The Bank would not make a renewed appearance for some time, certainly not during the administration of William Henry Harrison. But the debate over it helped shape the emerging partisanship the 1840 election cemented, as Southern Whigs chose to stick with their party rather than yield to the siren song of identity politics. Their Whiggishness overcame their Southerness, the defining moment in the subtitle’s “making of a partisan nation.”

Aside from the partisanship, other aspects of the campaign persist. Certainly, the sloganeering and image-making are part of that heritage. And, contrary to myth, Harrison delivered a number of substantive policy speeches. Van Buren also engaged with voters, although through a letter-writing campaign. This “new business of stumping” was an unprecedented departure from the “mute tribune” standard previously employed by presidential candidates.

But the 1840 election also handed to posterity two other inauspicious developments that plague us to this day, as well as two great lessons that politicians ignore at their own risk.

The campaign—and the presidency that followed—foreshadowed the overweening focus on the executive branch that American politics continues to grapple with. Ellis attributes this shift in focus to the growth of partisanship. With the emergence of the second party system, more voters developed stronger attachments to a political party, which in turn drove increased turnout in presidential election years. It took time for that trend to manifest itself fully in presidential action, partly because Whigs officially eschewed a strong executive. But after the crackup of the Whig Party in the 1850s it was the former Whig, Abraham Lincoln, who accelerated the growth of executive power, necessarily, during the Civil War. By the turn of the 20th century, the progressive movement had begun to institutionalize the idea of a strong and active executive.

Growing out of the increased focus on the executive was the notion that the president is to be held accountable for the economy, even when it is affected by circumstances beyond his control. Ellis notes this in the book’s first endnote, where he qualifies his description of voters as making a rational choice. “Even if voters are not fooled by marketing or rhetoric,” he notes, “a decision rule that reflexively blames or credits the incumbent for economic conditions falls well short of most people’s understanding of rational behavior.” But still we do it, irrationally and unfailingly.

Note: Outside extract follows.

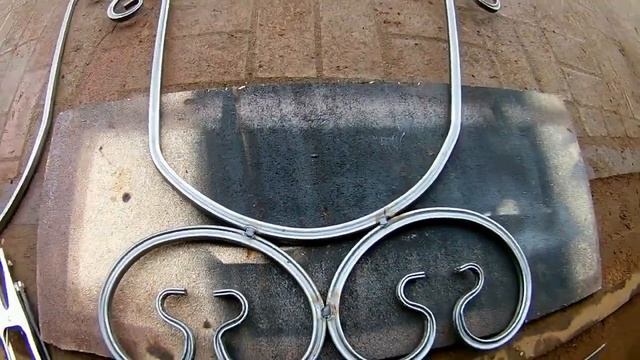 ХОЛОДНАЯ КОВКА ПОДСТАВКА ДЛЯ ДРОВ СВОИМИ РУКАМИ смотреть онлайн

The two great lessons are perhaps more obvious, but only sometimes heeded: Candidates must engage the electorate on the voters’ terms, and nominees should pay close attention to who they select as their vice-presidential candidates.

The myths of the 1840 campaign have hung on, in part, because Harrison’s election itself seems inconsequential in light of his short tenure. But it was Harrison’s death after only a month in office that added to the significance of the outcome. Had Van Buren won, the annexation of Texas would not have taken place when and in the way it did, possibly avoiding war with Mexico and deflecting, at least for a time, the controversy over the extension of slavery into new territory. Had Harrison lived, the same is likely true. Ditto had Clay won the nomination.

Tyler’s ascendancy and his determination to bring Texas into the union set the United States irrevocably on the road to disunion and civil war. Elections—and sometimes conventions—have consequences, even if we can’t see far enough into the future to discern what they might be, or to do anything about them.